I use Cheryl & Company.  Their shipping is free & everything is like homemade.


----------



## wackymother (Dec 7, 2007)

I like Hale Groves, but their stuff isn't very fancy. Their oranges are great, though! 

I've also used The Fruit Company (they're on Restaurant.com), and their fruit is great and the packaging is very beautiful...but their shipping is staggering and somehow the Restaurant.com coupons never really help all that much. If you use them, I think I've got a $25 off a $75 purchase coupon I would be happy to give  you.


----------



## Flo (Dec 7, 2007)

I've used gotfruit.com with free shipping.
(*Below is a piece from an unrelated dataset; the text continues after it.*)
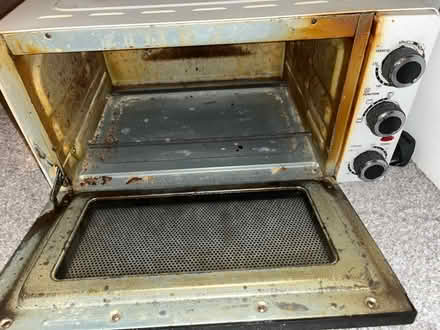 Photo of free Broken timer toaster oven (Chiswick W4) #2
They have a great variey with good prices.


----------



## 3kids4me (Dec 7, 2007)

Thanks guys.  I did the Cheryl and Company thing because the free shipping was a good deal.  I would have rather sent fruit, but I just couldn't deal with the shipping costs!

Thanks,

Sharon

P.S.  Cheryl and Company also participates in the Aadvantage mileage program.


----------



## Cathy in Boston (Dec 7, 2007)

These things are delicious, a business associate sent them to me:

http://www.brownies.com/


----------



## ricoba (Dec 7, 2007)

I don't have any suggestions, but I was glad to see someone else who stopped giving Harry & David's because of the way too high shipping costs!


----------



## AwayWeGo (Dec 7, 2007)

*Peanuts.*

Gift goobers from Aunt Ruby. 

-- Alan Cole, McLean (Fairfax County), Virginia, USA.​


----------



## wackymother (Dec 7, 2007)

If we're leaving the land of fruit, I also like Mrs. See's chocolates and Sunnyland Pecans.


----------



## Jestjoan (Dec 7, 2007)

I saw Cheryl on TV this morning, I think it was the food network.........I know about her company because we used to live in Columbus OH many years ago.
The business caused her marriage to break up but they are still good friends, I learned from the show.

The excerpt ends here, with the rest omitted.